# Task data:
....
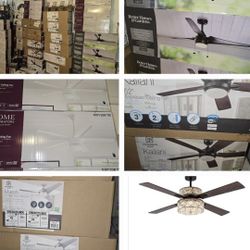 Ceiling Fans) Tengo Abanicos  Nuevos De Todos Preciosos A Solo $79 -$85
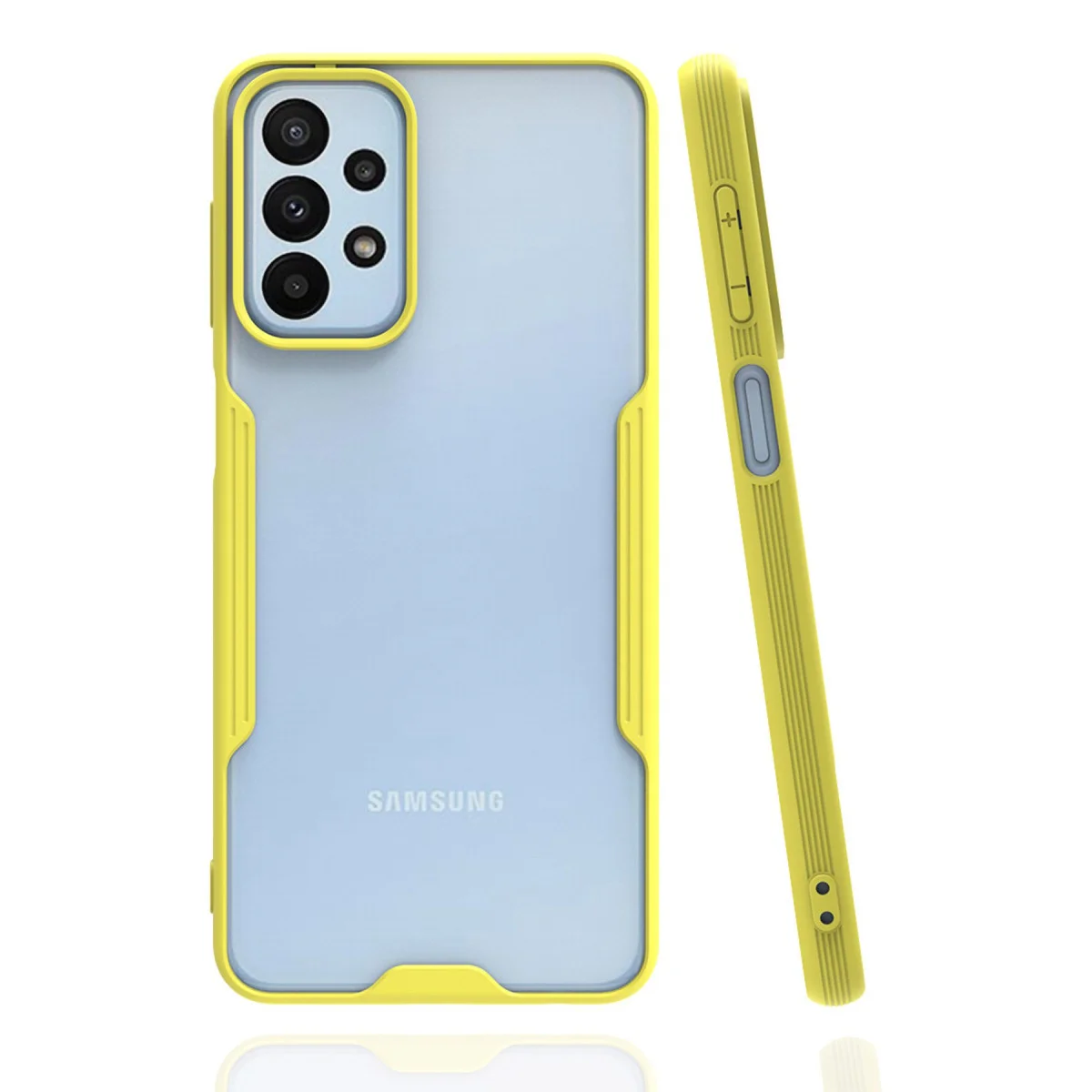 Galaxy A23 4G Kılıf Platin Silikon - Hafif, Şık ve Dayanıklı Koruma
....
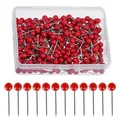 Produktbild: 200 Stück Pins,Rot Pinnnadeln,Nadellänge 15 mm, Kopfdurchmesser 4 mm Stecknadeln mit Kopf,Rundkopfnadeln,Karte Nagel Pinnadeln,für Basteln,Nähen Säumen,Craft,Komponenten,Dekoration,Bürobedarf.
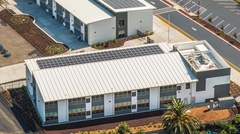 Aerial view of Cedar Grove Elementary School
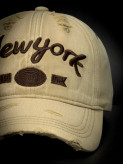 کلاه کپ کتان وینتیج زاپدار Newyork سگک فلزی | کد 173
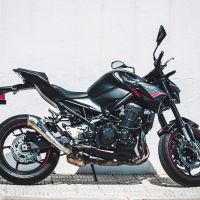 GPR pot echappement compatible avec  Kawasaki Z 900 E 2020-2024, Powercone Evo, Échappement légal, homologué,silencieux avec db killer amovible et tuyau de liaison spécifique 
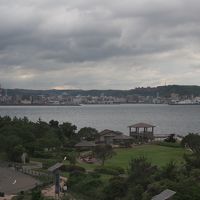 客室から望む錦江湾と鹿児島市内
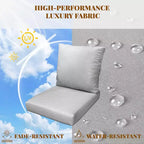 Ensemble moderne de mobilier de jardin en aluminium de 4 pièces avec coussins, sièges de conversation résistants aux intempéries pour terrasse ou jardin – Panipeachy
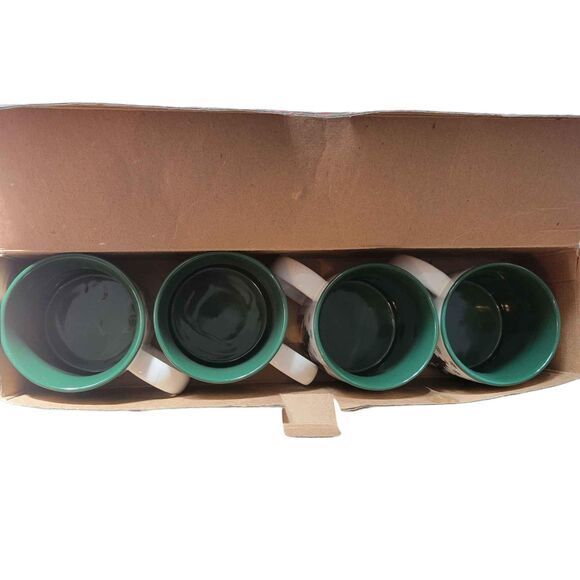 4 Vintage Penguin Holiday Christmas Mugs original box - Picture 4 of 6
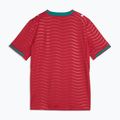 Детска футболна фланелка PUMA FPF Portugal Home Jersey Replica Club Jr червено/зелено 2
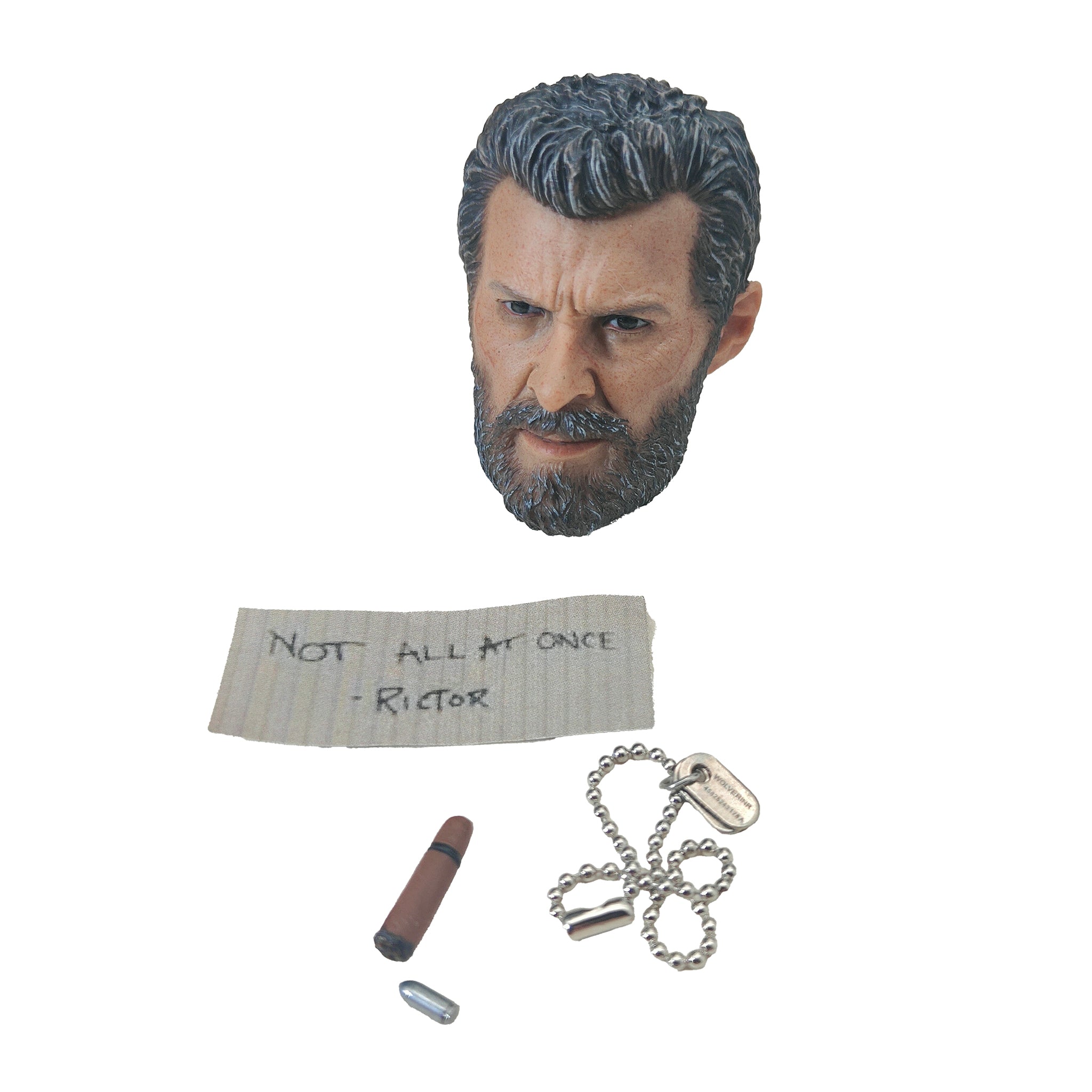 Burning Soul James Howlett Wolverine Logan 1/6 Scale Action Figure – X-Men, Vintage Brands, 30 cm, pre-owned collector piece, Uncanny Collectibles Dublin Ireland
....
# Task brief:
Among the entries above, take the line with "GPR pot echappement", the line with "Burning Soul James", and all the lines between them, and restate them word for word without pictures.

# Finished exercise:
 GPR pot echappement compatible avec  Kawasaki Z 900 E 2020-2024, Powercone Evo, Échappement légal, homologué,silencieux avec db killer amovible et tuyau de liaison spécifique 
 客室から望む錦江湾と鹿児島市内
 Ensemble moderne de mobilier de jardin en aluminium de 4 pièces avec coussins, sièges de conversation résistants aux intempéries pour terrasse ou jardin – Panipeachy
 4 Vintage Penguin Holiday Christmas Mugs original box - Picture 4 of 6
 Детска футболна фланелка PUMA FPF Portugal Home Jersey Replica Club Jr червено/зелено 2
 Burning Soul James Howlett Wolverine Logan 1/6 Scale Action Figure – X-Men, Vintage Brands, 30 cm, pre-owned collector piece, Uncanny Collectibles Dublin Ireland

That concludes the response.